Wednesday, May 11, 2011

Chap 9 Section 3: Continuous Compounding

Hello class. At the beginning of the day, Mr. Cope gave a 5 minute review on sections 9.1 and 9.2. He simply taught exponential growth (9.1) and exponential decay (9.2). He taught the equation y=ab^x. A being the number you begin with, b being the growth factor (growth b>1, decay 0<b<1) and the x being the number of years being used. This was just a quick review of what was taught on Monday and Tuesday.

Next Mr. Cope handed back the tests and homework quizzes we took last week. Unfortunately, Teacher Logic no longer shows the class average so there will be no comparison to period 1 in this blog post. Anyway, we were able to compare our answers to Mr. Copes key and then we moved on to today's lesson.

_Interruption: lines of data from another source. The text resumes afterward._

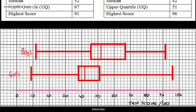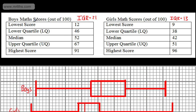So there we go — about 19 or 20 minutes on box plots. You may be expected to draw them from the cumulative frequency curve, or you might just be given these five-figure summaries: the lowest score, the highest score, the lower quartile, the upper quartile, and the median.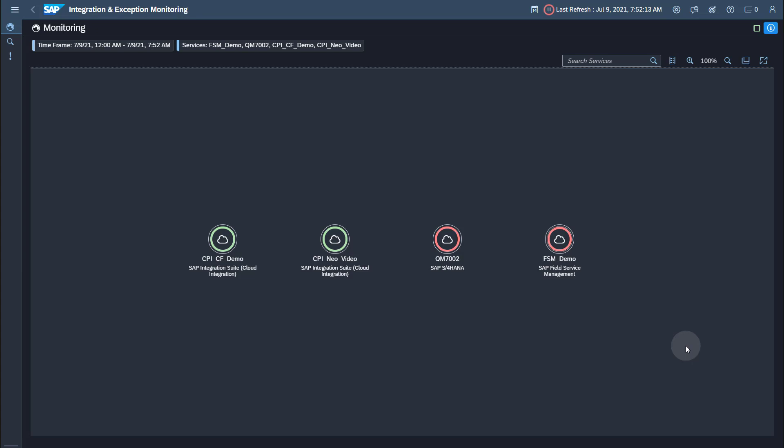For further information regarding the technical setup, feel free to consult the SAP Cloud ALM for Operations Expert Portal, which is continuously updated with the latest news. A link to the Expert Portal is provided in the description of this video.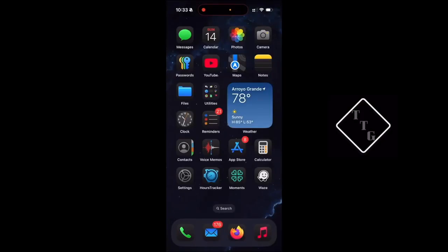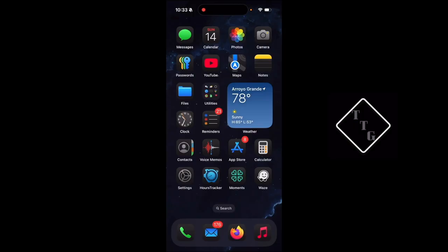How's it going everyone, I'm going to make a quick video showing you guys how to enable and disable the reachability feature within iOS on the iPhone.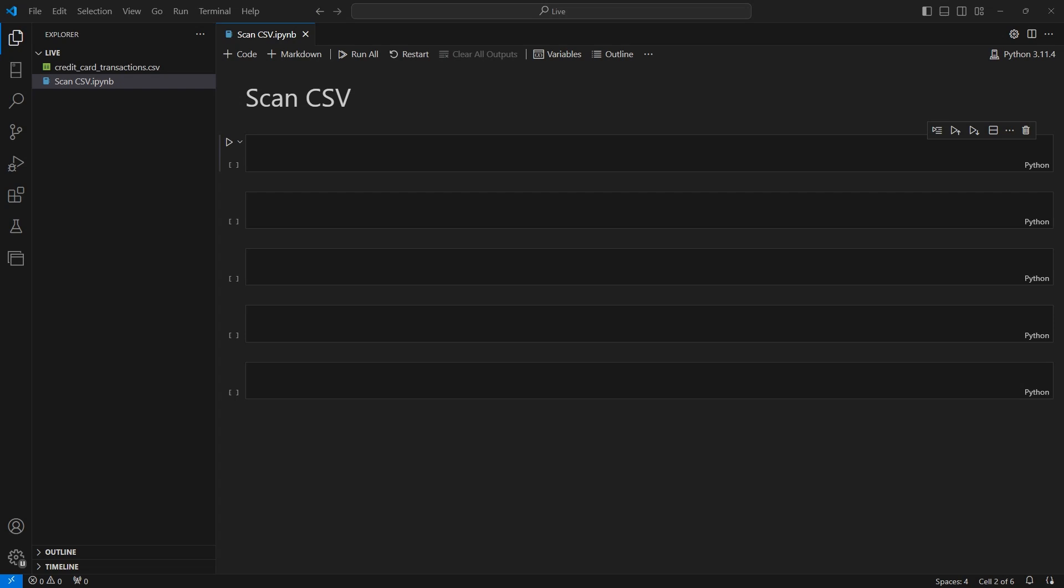Welcome back. So you're familiar with data frames, but Polars has another object called a lazy frame. What is a lazy frame and when should you use one?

Today we learned about continuous compounding. We began with a chart showing a bank pays 100% interest for 1 year. So we went through annually, quarterly, monthly, daily, and hourly using the equation P(1+r/n)^nt. The final value (hourly) was very close to e (2.71828) or Euters number which is used to represent exponential growth. So the formal equation for Continuously Compounded Interest is a=Pe^rt. P stands for the original number, e stands for Euters number, r stands for either the growth of decay (growth=if number is positive, decay if number is negative), and t stands for the number of years. We then did an example 1 which was "Suppose $1800 is invested at an annual interest rate of 7% compounded continuously and the money is what happens in 5 years. So the equation would be 1800e^.07(5). You then would solve it on the calculator and your answer should be 2554.32.